Pakistani microfinance pioneer wins Asia's 'Nobel Prize'

Published August 31, 2021
Muhammad Amjad Saqib received the Ramon Magsaysay Award on Tuesday. — Picture courtesy: Facebook page of Dr Saqib
Muhammad Amjad Saqib received the Ramon Magsaysay Award on Tuesday. — Picture courtesy: Facebook page of Dr Saqib

A microfinance pioneer from Pakistan — who developed an interest-free microfinance programme — was among Tuesday's winners of Asia's equivalent to the Nobel Prize.

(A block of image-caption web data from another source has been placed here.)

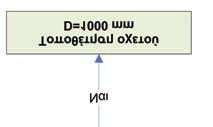 απέναντι όχθη του υδατορέματος.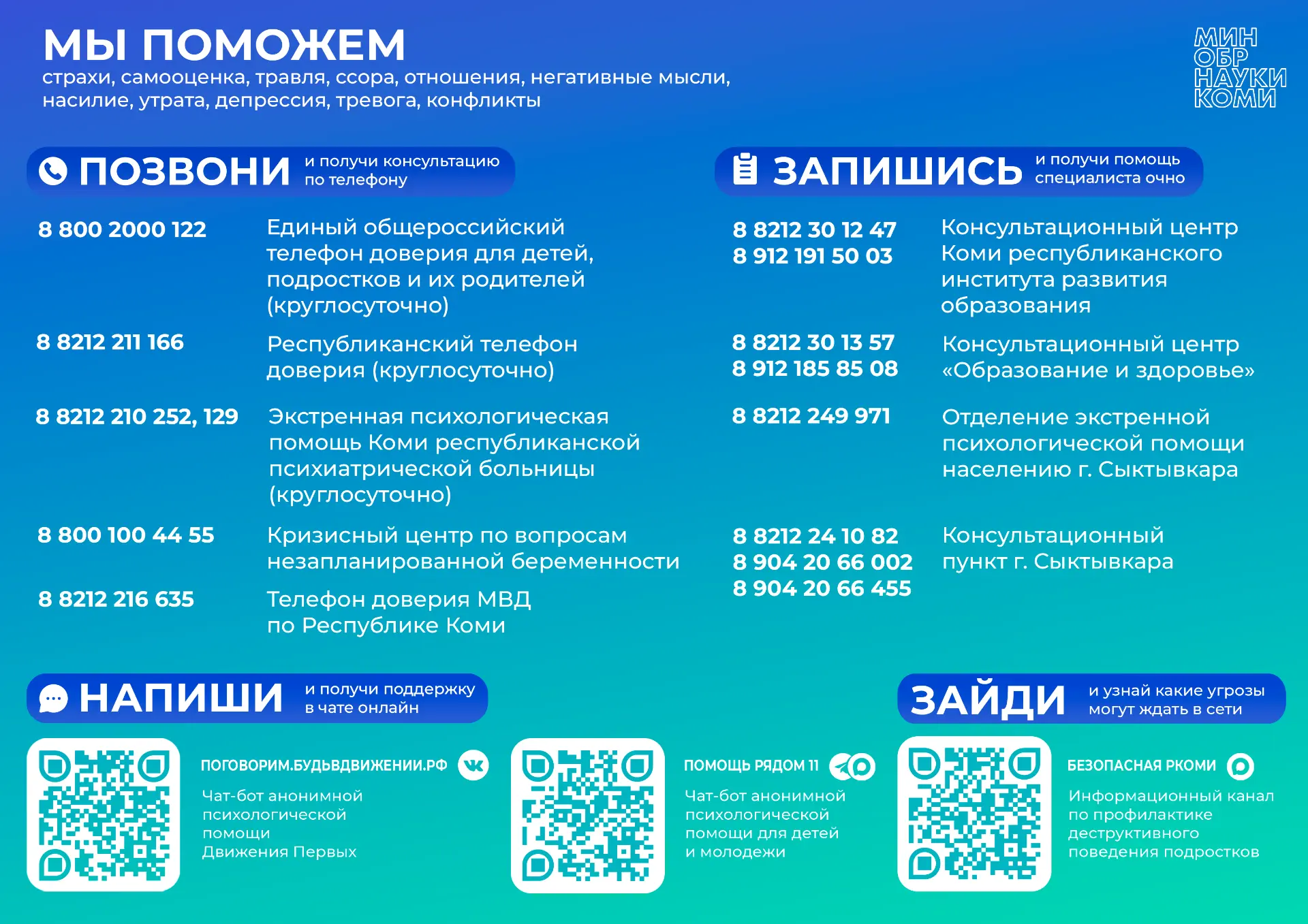 💬  В данной карточке собраны для Вас контакты центров, телефонов доверия, а также орга...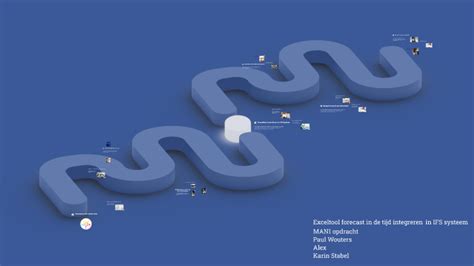 Integration Of Excel Tool In IFS System By Karin Stabel On Prezi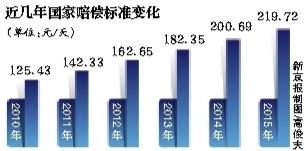 国家赔偿金标准更新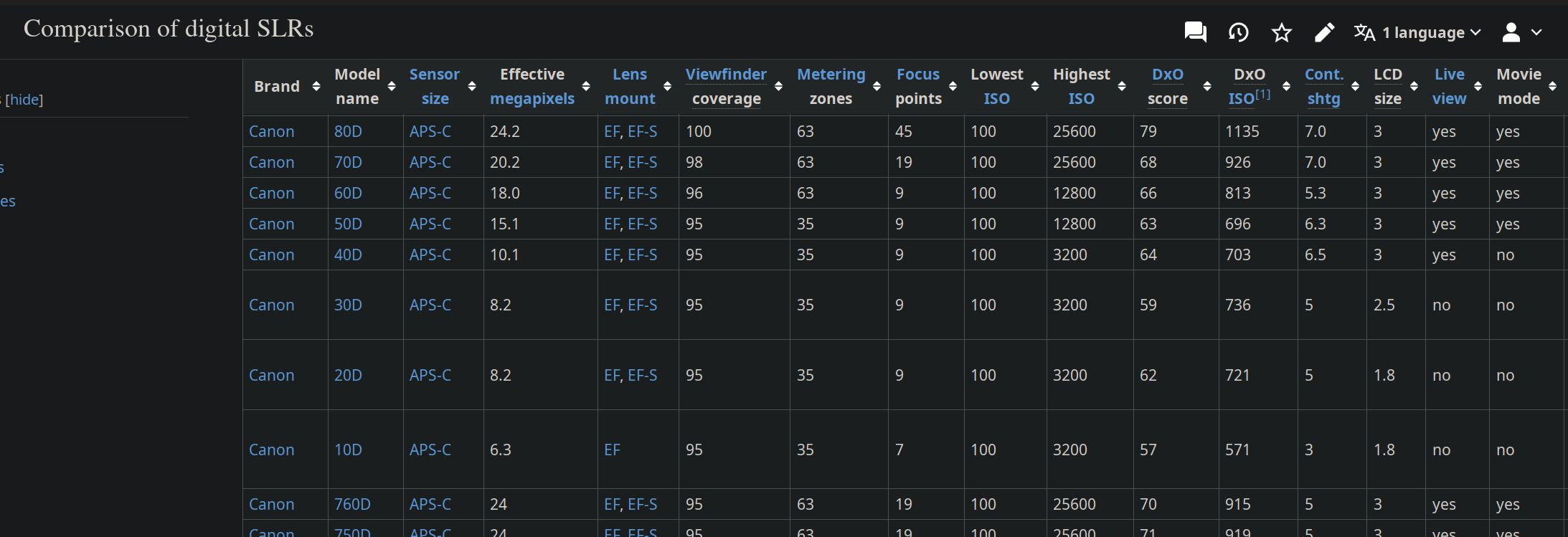 Screenshot of Vector 2022 Wikipedia sticky table header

Muhammad Amjad Saqib, 64, won the Ramon Magsaysay Award for his “first-of-its-kind” interest- and collateral-free microfinance programme that catalysed scores of poor households.

Nearly two decades after its launch, Akhuwat — founded by Dr Saqib — has grown into the nation's largest microfinance institution, distributing the equivalent of $900 million and boasting an almost 100 per cent loan repayment rate, the award foundation said.

Saqib, who uses places of worship to hand out money, was cited for “his inspiring belief that human goodness and solidarity will find ways to eradicate poverty.”

The Ramon Magsaysay Award — named after a Filipino president killed in a plane crash — was established in 1957 to honour people and groups tackling development problems.

Prime Minister Imran Khan congratulated Saqib for winning “Asia's highest honour”.

“We are proud of his achievement as we move forward in creating a welfare state based on Riyasat-e-Madina Model,” he tweeted.

Vaccine development

Meanwhile, Firdausi Qadri, 70, also won the award for her “life-long devotion to the scientific profession” and “untiring contributions to vaccine development”.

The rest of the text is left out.